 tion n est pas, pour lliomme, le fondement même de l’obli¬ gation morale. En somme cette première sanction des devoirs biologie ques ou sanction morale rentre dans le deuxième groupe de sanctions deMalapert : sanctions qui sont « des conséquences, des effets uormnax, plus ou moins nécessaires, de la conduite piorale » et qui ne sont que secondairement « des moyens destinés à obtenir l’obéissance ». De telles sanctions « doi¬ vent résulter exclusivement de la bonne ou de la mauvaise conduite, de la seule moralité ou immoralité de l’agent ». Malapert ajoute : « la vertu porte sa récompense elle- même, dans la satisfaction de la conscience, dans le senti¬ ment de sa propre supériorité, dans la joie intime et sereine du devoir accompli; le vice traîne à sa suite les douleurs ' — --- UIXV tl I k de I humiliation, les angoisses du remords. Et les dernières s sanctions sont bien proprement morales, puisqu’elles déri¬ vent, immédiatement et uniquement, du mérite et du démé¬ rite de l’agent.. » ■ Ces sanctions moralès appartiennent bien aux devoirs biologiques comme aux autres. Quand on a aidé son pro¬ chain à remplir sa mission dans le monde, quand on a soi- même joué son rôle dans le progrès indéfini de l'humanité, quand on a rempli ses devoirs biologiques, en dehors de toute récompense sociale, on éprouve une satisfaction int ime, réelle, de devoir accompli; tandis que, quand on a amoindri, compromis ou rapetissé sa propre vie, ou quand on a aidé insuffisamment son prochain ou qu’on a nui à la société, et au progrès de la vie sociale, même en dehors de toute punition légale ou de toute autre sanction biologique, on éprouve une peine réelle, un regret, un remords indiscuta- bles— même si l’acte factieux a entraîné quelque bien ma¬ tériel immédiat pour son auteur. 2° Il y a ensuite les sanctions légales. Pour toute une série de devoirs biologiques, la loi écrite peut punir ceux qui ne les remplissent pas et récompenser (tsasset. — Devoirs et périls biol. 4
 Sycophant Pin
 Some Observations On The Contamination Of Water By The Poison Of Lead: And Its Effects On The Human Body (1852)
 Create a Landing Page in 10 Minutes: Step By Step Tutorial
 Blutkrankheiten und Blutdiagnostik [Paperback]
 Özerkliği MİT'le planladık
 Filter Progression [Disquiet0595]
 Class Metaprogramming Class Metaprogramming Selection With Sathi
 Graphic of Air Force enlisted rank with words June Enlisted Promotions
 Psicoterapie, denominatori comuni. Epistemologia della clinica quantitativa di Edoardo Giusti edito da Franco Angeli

**ASSIGNMENT:** Starting from the line with "Özerkliği MİT'le planladık" and ending with the final line of the data, quote every line exactly, both ends included.

**WRITTEN SOLUTION:**
 Özerkliği MİT'le planladık
 Filter Progression [Disquiet0595]
 Class Metaprogramming Class Metaprogramming Selection With Sathi
 Graphic of Air Force enlisted rank with words June Enlisted Promotions
 Psicoterapie, denominatori comuni. Epistemologia della clinica quantitativa di Edoardo Giusti edito da Franco Angeli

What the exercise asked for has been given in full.